■ Data for analysis

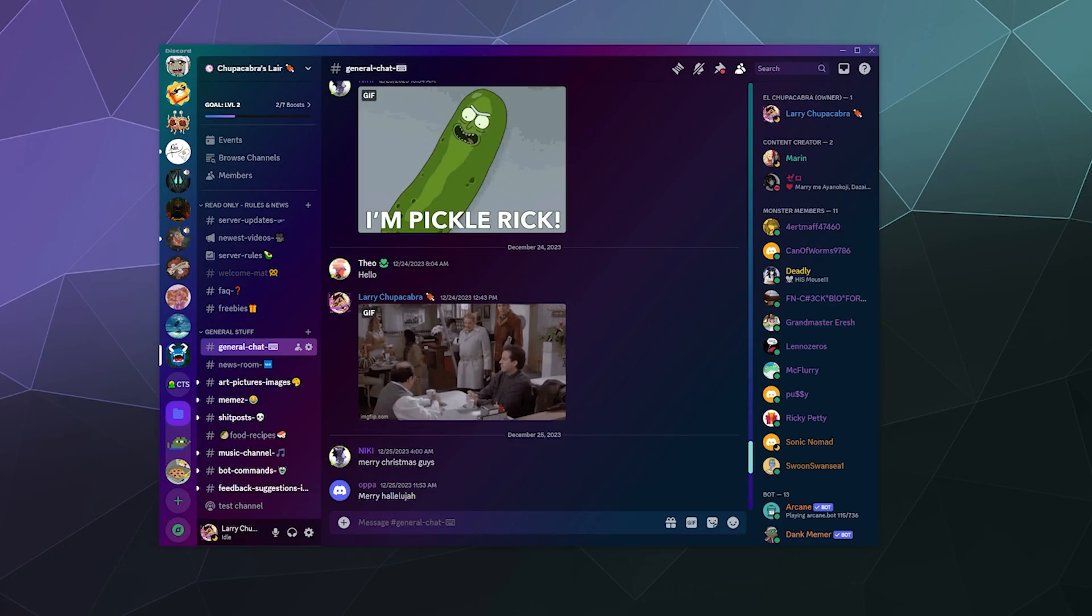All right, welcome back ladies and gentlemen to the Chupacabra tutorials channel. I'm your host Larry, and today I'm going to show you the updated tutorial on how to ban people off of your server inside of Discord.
* * *
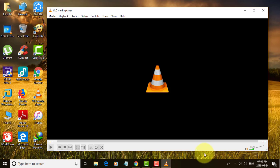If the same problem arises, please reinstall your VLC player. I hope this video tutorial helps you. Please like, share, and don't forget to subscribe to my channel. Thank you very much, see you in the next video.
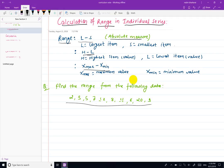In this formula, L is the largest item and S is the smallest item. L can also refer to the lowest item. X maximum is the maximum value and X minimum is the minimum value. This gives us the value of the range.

■ Activity
Copy only these lines from the records above, exactly: the one with "If the same", the one with "In this formula, L", and those between. Skip the pictures.

■ Written response
If the same problem arises, please reinstall your VLC player. I hope this video tutorial helps you. Please like, share, and don't forget to subscribe to my channel. Thank you very much, see you in the next video.
In this formula, L is the largest item and S is the smallest item. L can also refer to the lowest item. X maximum is the maximum value and X minimum is the minimum value. This gives us the value of the range.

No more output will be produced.